Stocks impacted: ONGC, Oil India
Paints: Crude oil prices affect the decorative paint business more than any other because it is a raw material-intensive industry. The manufacture of paint requires more than 300 items, most being petroleum-based. Raw material accounts for 55-60 percent of input costs and directly impacts gross margins.
Stocks impacted: Asian Paints, Berger Paints, Kansai Nerolac
Tyres: Brent crude is also a major source of synthetic rubber and other petrochemical products used in tyre manufacturing. As crude oil prices rise, the cost of these raw materials rises, increasing production costs for tyre companies.
Stocks impacted: MRF, CEAT, JK Tyres, Apollo Tyres
LNG prices will also soar
Not just that of crude oil, but prices of LPG would also see an uptick. Since 2023, gas prices had fallen as crude oil prices had softened amid tariff tensions and increase in output announced by the OPEC+ nations. Here’s a look at a sectoral impact of rising LPG prices.

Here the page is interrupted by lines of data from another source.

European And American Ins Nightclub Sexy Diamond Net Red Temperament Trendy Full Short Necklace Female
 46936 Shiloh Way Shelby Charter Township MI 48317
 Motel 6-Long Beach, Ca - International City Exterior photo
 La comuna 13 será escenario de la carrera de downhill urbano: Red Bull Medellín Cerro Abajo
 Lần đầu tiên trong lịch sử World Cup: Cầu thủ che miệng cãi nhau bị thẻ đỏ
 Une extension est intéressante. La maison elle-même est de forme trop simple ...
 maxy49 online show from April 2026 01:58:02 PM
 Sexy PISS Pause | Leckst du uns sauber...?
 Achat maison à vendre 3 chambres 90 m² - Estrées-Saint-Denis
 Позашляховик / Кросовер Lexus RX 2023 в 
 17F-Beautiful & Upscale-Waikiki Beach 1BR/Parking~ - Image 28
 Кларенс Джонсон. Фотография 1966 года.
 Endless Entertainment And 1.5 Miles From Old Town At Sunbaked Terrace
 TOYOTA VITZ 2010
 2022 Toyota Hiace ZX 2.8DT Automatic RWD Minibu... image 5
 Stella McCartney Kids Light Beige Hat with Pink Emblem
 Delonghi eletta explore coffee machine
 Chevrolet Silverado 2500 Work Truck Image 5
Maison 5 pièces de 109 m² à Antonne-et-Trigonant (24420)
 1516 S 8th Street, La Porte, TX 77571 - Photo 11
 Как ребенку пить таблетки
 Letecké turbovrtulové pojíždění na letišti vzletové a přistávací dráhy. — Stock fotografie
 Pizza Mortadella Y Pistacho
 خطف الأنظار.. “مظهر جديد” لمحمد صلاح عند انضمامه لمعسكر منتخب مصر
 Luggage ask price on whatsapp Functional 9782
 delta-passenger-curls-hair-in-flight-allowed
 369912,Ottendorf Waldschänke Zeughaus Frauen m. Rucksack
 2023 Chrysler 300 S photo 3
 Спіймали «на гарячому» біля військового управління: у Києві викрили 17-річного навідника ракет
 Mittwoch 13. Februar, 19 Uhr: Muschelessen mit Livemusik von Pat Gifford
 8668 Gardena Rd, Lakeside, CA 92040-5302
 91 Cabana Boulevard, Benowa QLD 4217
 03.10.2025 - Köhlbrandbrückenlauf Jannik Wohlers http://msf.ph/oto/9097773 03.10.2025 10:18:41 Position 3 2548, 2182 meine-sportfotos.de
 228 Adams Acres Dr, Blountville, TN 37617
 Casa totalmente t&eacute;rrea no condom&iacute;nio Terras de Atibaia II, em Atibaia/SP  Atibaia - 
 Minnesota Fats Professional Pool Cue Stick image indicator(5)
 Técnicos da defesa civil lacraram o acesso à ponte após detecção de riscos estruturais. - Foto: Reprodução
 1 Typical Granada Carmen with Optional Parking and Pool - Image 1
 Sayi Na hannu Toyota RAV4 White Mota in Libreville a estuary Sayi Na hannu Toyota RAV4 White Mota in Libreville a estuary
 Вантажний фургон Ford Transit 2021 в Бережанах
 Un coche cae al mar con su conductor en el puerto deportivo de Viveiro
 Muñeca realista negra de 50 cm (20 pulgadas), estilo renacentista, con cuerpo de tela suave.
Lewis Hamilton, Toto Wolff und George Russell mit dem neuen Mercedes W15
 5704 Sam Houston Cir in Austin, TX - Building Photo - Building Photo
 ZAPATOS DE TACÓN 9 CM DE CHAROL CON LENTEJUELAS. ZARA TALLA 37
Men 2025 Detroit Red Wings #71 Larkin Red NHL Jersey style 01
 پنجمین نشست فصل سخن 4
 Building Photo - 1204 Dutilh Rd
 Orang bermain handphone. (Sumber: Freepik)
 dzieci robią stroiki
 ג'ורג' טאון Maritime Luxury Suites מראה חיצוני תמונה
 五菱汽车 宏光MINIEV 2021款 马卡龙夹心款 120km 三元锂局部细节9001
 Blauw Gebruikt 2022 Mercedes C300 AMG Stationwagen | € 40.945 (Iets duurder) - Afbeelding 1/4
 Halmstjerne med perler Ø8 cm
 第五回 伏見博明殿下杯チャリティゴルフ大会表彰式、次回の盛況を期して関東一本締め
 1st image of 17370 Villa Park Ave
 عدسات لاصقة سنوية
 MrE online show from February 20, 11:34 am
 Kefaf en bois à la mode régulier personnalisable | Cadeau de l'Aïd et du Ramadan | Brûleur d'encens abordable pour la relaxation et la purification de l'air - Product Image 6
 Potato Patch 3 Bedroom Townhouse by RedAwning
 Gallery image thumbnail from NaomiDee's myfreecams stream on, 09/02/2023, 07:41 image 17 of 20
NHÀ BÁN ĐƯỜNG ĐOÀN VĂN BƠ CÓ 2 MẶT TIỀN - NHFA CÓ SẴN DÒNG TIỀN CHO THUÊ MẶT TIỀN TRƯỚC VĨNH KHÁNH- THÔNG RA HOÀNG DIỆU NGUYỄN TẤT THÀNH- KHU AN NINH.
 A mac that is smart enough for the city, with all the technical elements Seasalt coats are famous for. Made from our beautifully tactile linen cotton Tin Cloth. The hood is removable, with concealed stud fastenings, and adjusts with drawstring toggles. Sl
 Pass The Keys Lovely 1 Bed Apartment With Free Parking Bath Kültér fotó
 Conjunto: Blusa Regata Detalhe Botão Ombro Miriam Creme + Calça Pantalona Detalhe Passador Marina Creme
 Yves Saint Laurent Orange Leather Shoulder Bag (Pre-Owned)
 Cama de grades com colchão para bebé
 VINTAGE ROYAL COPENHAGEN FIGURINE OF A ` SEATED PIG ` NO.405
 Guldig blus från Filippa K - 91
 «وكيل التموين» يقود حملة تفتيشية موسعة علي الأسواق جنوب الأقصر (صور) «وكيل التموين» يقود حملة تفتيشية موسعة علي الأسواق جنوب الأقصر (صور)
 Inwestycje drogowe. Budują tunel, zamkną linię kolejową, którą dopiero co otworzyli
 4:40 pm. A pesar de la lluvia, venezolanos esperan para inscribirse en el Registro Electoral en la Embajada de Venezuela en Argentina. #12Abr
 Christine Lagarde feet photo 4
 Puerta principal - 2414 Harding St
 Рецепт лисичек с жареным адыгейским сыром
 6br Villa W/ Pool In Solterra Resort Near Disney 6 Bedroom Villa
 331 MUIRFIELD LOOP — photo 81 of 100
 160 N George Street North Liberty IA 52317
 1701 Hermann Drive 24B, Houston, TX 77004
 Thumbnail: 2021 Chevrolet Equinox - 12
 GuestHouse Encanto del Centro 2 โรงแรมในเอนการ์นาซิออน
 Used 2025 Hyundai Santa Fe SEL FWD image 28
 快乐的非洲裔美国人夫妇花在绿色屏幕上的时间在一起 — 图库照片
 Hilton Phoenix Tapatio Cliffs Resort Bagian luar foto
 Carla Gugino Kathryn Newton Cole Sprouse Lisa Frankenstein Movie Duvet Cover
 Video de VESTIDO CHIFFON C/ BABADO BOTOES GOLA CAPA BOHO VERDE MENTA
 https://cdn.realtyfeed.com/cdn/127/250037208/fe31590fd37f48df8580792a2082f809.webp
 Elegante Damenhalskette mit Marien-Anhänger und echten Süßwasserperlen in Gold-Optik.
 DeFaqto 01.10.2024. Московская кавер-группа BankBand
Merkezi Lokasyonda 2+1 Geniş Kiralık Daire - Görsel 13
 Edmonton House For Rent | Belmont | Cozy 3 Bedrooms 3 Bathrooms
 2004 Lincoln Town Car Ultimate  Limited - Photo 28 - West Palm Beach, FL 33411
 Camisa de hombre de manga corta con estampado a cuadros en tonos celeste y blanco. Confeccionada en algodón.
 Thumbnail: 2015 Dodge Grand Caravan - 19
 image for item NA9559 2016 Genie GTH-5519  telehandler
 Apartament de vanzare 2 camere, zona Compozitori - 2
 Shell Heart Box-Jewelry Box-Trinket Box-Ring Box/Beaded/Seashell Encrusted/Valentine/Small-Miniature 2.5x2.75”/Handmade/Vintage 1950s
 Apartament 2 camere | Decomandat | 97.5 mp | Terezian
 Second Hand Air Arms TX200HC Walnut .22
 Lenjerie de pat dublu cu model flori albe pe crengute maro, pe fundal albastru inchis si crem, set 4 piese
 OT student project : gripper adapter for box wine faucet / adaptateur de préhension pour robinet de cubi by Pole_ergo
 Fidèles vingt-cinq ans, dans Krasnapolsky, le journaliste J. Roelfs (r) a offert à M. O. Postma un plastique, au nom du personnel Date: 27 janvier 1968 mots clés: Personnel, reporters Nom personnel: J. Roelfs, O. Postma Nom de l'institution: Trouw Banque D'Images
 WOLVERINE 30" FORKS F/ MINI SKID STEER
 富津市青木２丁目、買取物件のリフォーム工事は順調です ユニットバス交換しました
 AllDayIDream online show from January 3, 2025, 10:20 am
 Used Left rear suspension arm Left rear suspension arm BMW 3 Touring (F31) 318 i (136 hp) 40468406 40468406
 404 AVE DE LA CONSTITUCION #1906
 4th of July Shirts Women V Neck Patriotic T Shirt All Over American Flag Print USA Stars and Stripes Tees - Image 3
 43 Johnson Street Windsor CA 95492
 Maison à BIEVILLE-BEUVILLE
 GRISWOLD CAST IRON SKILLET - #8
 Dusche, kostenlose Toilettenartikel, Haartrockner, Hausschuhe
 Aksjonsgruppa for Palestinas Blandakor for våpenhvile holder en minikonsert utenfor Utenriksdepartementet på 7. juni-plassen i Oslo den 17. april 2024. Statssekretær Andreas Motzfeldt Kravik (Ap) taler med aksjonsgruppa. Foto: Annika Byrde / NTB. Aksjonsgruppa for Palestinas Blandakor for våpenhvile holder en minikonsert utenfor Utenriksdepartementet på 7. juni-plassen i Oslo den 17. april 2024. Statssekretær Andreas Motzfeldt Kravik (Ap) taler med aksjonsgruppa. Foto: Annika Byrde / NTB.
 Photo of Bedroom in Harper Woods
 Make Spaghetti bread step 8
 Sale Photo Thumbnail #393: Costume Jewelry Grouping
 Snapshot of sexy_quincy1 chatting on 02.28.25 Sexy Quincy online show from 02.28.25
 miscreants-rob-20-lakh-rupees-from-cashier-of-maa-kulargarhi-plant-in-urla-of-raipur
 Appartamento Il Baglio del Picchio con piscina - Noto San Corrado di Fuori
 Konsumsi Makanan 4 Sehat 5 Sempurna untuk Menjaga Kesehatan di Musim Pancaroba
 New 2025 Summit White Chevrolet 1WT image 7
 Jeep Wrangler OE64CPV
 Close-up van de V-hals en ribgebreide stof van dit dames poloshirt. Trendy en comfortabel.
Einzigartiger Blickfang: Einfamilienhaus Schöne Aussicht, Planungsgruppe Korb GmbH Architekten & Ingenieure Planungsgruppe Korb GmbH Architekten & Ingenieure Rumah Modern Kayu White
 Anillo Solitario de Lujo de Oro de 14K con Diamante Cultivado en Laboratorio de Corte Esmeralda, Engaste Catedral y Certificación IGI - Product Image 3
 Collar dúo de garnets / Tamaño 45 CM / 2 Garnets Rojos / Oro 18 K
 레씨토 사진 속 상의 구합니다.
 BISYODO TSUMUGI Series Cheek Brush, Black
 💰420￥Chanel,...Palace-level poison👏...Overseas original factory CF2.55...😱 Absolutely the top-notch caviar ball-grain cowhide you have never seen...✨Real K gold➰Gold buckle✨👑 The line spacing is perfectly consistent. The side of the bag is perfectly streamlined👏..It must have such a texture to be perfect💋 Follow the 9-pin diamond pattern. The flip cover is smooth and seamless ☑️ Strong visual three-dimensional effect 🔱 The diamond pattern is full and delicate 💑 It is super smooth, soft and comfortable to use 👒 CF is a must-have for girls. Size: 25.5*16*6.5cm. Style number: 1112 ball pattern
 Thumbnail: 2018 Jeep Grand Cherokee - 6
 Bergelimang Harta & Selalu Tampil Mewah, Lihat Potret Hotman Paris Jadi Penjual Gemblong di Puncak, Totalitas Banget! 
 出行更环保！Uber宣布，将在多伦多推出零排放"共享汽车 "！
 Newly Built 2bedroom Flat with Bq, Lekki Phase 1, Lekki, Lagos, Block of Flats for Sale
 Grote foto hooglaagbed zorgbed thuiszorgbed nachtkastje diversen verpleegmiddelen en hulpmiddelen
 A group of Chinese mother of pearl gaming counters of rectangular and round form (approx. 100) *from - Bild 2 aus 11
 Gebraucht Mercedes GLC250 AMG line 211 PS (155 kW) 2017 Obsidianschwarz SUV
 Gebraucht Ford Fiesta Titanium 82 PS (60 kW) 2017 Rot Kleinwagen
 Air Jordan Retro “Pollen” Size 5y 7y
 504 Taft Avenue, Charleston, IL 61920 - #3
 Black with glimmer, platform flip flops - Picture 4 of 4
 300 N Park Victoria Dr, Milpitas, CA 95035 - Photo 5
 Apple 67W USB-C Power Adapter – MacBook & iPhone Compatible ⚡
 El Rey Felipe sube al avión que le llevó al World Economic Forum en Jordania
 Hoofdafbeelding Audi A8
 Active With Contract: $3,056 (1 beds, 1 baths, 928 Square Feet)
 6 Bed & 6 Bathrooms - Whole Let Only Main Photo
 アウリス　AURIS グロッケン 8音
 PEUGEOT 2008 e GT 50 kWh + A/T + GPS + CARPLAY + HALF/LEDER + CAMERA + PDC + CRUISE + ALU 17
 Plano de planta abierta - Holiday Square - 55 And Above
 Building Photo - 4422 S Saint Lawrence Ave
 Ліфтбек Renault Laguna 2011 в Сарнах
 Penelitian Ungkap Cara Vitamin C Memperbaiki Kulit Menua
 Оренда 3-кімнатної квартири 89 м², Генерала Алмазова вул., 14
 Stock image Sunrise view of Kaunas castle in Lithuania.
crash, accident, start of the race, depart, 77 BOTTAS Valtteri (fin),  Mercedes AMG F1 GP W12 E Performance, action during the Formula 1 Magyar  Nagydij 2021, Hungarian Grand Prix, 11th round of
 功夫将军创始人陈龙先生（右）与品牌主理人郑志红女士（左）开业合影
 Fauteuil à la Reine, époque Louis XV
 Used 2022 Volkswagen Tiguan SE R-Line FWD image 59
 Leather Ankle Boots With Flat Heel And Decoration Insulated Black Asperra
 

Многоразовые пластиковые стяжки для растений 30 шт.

Power: The plant load factor for any gas-based power plant will be subdued due to limited domestic gas availability and the reluctance of discoms to buy expensive LNG-based power, according to ICRA. Any further rise in LNG prices will just worsen the competitiveness of gas-based power when compared to other sources of generation.
Stocks impacted: Petronet LNG Ltd, GAIL (India) Limited, Adani Total Gas
City Gas Distribution: An increase in LNG prices will hurt the competitiveness of CGD firms and reverse the gains from the price moderation seen in June 2025.
Stocks impacted: Mahangar Gas, Indraprastha Gas
Fertilisers: It may increase in subsidy requirements for urea manufacturers as gas costs will be passed through to the end-user. “Ammonia prices may rise as gas remains a key input and impacts profitability of Phosphatic & Potassic (P&K) fertiliser players unless subsidy corrections are made in such a scenario,” added ICRA.
Stocks impacted: Coromandel International, Chambal Fertilisers, Travancore Fertilisers
Industrial firms: Refineries may shift to using liquid fuels as was the case after the Russia-Ukraine crisis. Petrochemical players using Natural Gas Liquids (NGLs) as feedstock may face significant headwinds amid already weak polymer margins.